> **PROBLEM**
Below is a listing with pictures in it; transcribe exactly the lines from the one that has "بافت یقه اسکی طرح دار" through the one that has "2/11 Barker Street, Kensington NSW 2033", and omit those pictures.

> **SUPPLIED RECORDS**
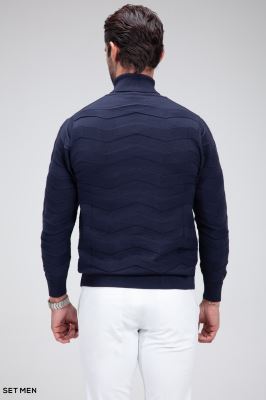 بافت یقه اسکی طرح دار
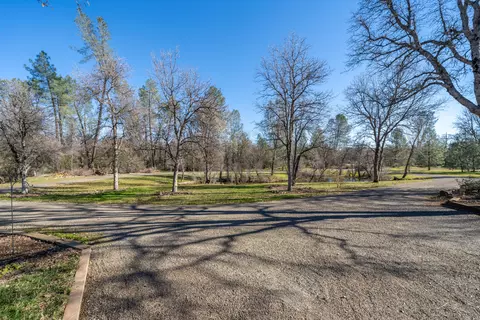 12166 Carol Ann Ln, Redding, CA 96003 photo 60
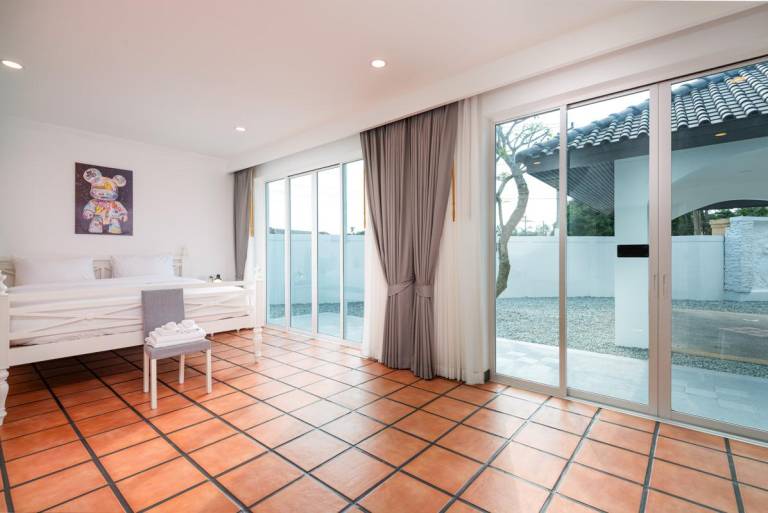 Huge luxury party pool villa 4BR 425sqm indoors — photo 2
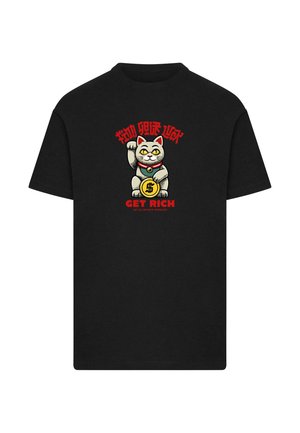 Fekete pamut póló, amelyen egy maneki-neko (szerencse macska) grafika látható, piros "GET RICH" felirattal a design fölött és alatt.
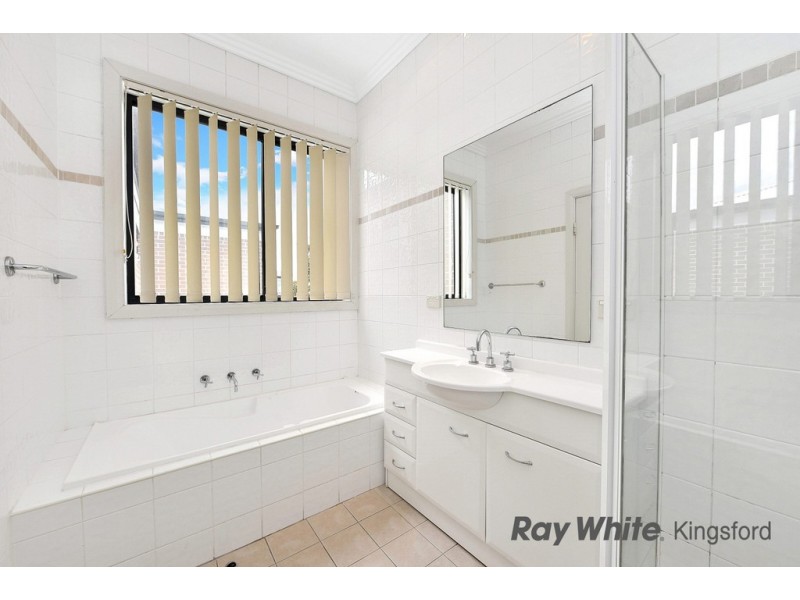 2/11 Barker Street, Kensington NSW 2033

==

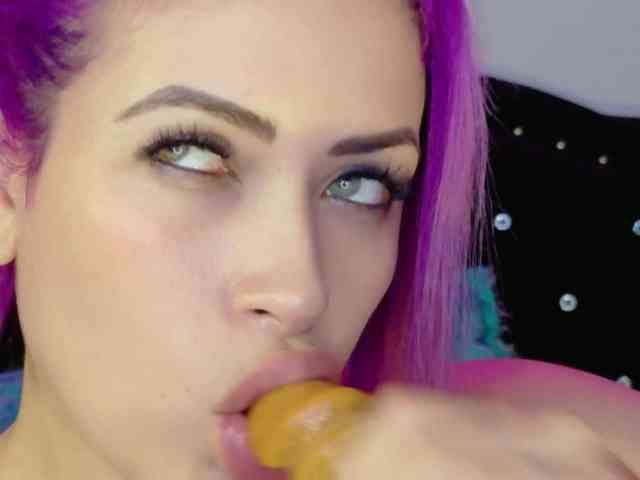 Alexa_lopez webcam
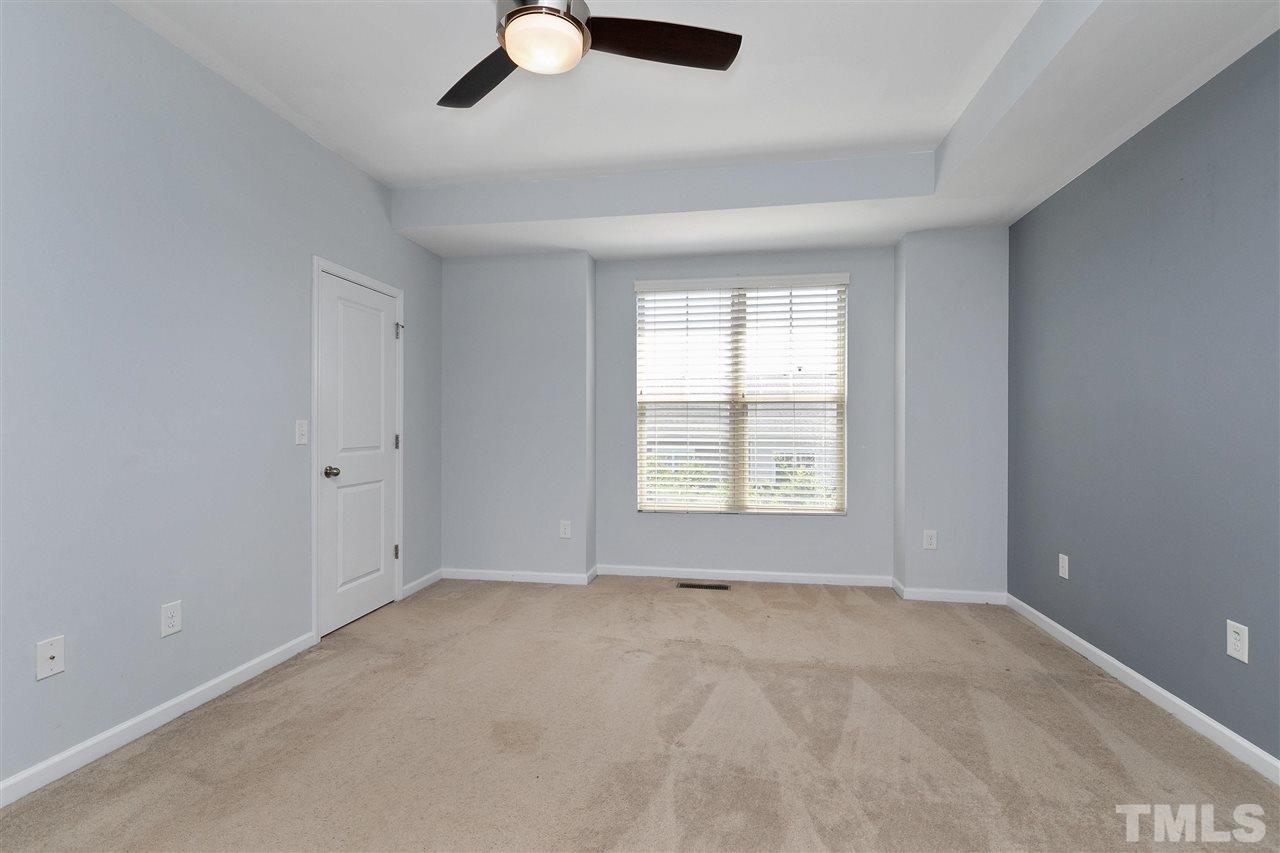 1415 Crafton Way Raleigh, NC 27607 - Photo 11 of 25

==

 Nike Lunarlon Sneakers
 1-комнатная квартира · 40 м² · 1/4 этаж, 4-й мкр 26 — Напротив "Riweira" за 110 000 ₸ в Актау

> **TASK OUTPUT**
 بافت یقه اسکی طرح دار
 12166 Carol Ann Ln, Redding, CA 96003 photo 60
 Huge luxury party pool villa 4BR 425sqm indoors — photo 2
 Fekete pamut póló, amelyen egy maneki-neko (szerencse macska) grafika látható, piros "GET RICH" felirattal a design fölött és alatt.
 2/11 Barker Street, Kensington NSW 2033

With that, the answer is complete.